Una profesora entra a clase. Pide a sus jóvenes e inquietos alumnos que abran un libro de texto, pongamos, por la página 26. Entre el murmullo comienza su intervención: «En tiempos de Alatriste...». Es ficción, claro, pero podría ser real. Ello no es razón para descartarlo, puesto que la representación, la descripción histórica y el cuidado lenguaje habitable en la saga del viejo capitán Diego Alatriste permite explicar con buen ojo lo que acontecía en aquella época, la España del siglo XVII, en la que se decía que el sol nunca se ponía.
Sin sobresaltos y fiel a sus principios que le han acompañado desde que comenzara a desenvainar su primera espada, el viejo soldado ha encandilado tanto a jóvenes como a lectores de toda índole, perforando su interés hasta el punto de sentirse partícipe de sus peripecias. uno se involucra sus aventuras. Porque aunque se quiera nadie se puede olvidar de ese carácter didáctico que asiente la novela, el Siglo de Oro español no deja de ser, para muchos, el Siglo de Oro que describe Arturo Pérez-Reverte.

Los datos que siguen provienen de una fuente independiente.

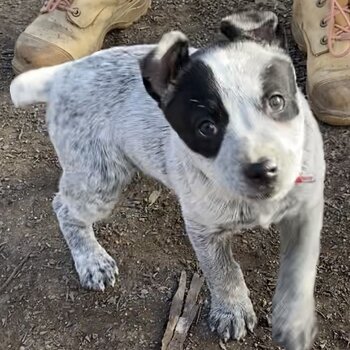 Blue Healer Stumpy Tail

«Cuando a un soldado le dan de beber, o está jodido o le van a joder». Con esta consigna, rescatada de la sexta entrega de sus aventuras, se describe ya a un hombre en el ocaso de su existencia. Más descreído y desconfiado que nunca ante el devenir de los tiempos se muestra don Diego en «El puente de los Asesinos», que le lleva hasta la ciudad de Venecia, «esa puta del mar, desvergonzada e hipócrita» que retrata Francisco de Quevedo, una vez mas, primordial protagonista entre sus páginas.
Por esas mismas páginas caminan malandrines, aceros robustos, clérigos, espadachines y magistrales combates de esgrima, que se suceden en la corrupta Venecia del siglo XVII, convertida en escenario de una conjura que tiene el fin de deshacerse del dogo para implantar un gobierno fiel a la Corte del rey católico. Esa crucial conjura transcurre en unas Navidades de 1627. Lances y riñas se amortiguan en los menesteres políticos del lugar, entonces enclave de valiosa importancia para España.

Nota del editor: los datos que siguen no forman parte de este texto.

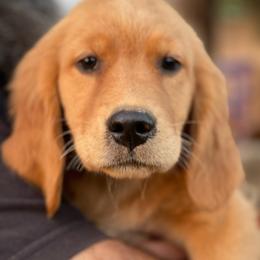 Yellow collar female - Letty - Golden female Golden Retriever puppy in Yucaipa, California from Blessed Goldens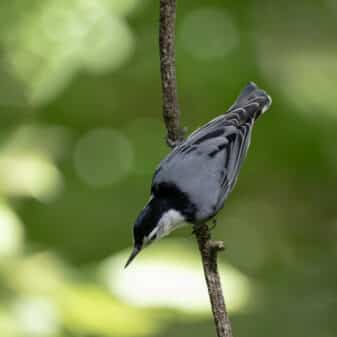 White-breasted Nuthatch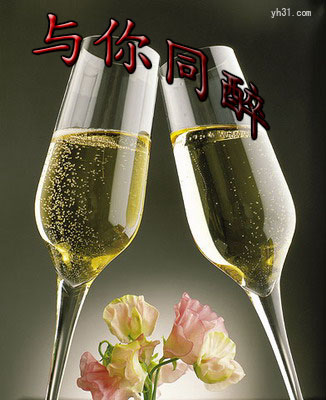 与你同醉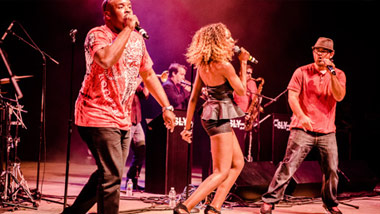 The Sly Band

Con Nápoles («punta de lanza de la monarquía española en el Mediterráneo»), Roma («omligo del catolicismo, reina de las ciudades y señora del orbe») o Milán («punto de reunión para nuestra infantería») como primeras etapas de la aventura, encontramos una historia funesta que se sitúa en pleno corazón veneciano repleto de personajes dispares, melancólicos e insólitos, que marcan el camino del viejo capitán. Todos se van cruzando en la difícil misión, entre los que aparece la figura de su íntimo y mortal enemigo Gualterio Malatesta.

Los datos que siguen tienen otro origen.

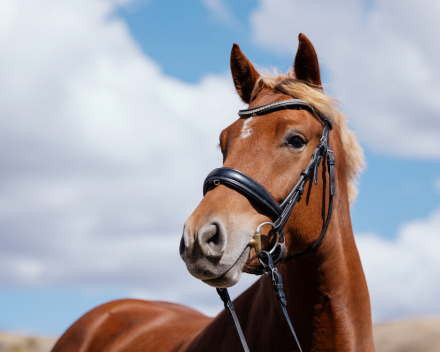 HorseID: 2318357 Sunshine Valley Rowan - PhotoID: 1105369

Iñigo Balboa, muchacho cada vez más resuelto y maduro que en las primeras entregas, es, por obligación, el narrador de la historia. Eso permanece inalterable. «Mi antiguo amo», aplaude ya el joven vascongado, que ha zurcido a su personalidad el coraje y arrojo de su mentor a quien acompaña sin demora ni descanso. ¿Su notable sucesor? Su voz envuelve la trama y, como en anteriores ocasiones, adelanta acontecimientos que preparan al «curioso lector» a esperar, con ansia y pudor literario, su llegada.
Sublime, impresionante y soberbio trabajo de documentación el de Pérez-Reverte a la hora de reconstruir el Siglo de Oro. En «El puente de los Asesinos» el universo «revertiano» se intuye espléndido y tan descriptivo como una postal con vida propia, donde el pesimismo y el cinismo que aborda toda la serie se acentúa en estos nuevos capítulos, previos a las dos próximas y finales aventuras de Alatriste («La venganza de Alquézar» y «Misión en París»).
Con todo, esa parte palpitante de la historia se envuelve en un esperanzador cuento de peleas entre jarras de vino, de combatientes henchidos de ardor guerrero, de valentía y honor, primordial en el carácter de Alatriste. No queda separada la línea romántica del asunto, como tantas otras veces en las que las féminas, dulces y adoradas féminas, ejercen su papel para poner las cosas en su sitio o embarrarlo todo. No queda sino batirnos en duelo entre sus páginas para saborear una sensacional historia capaz de enriquecer al más notable.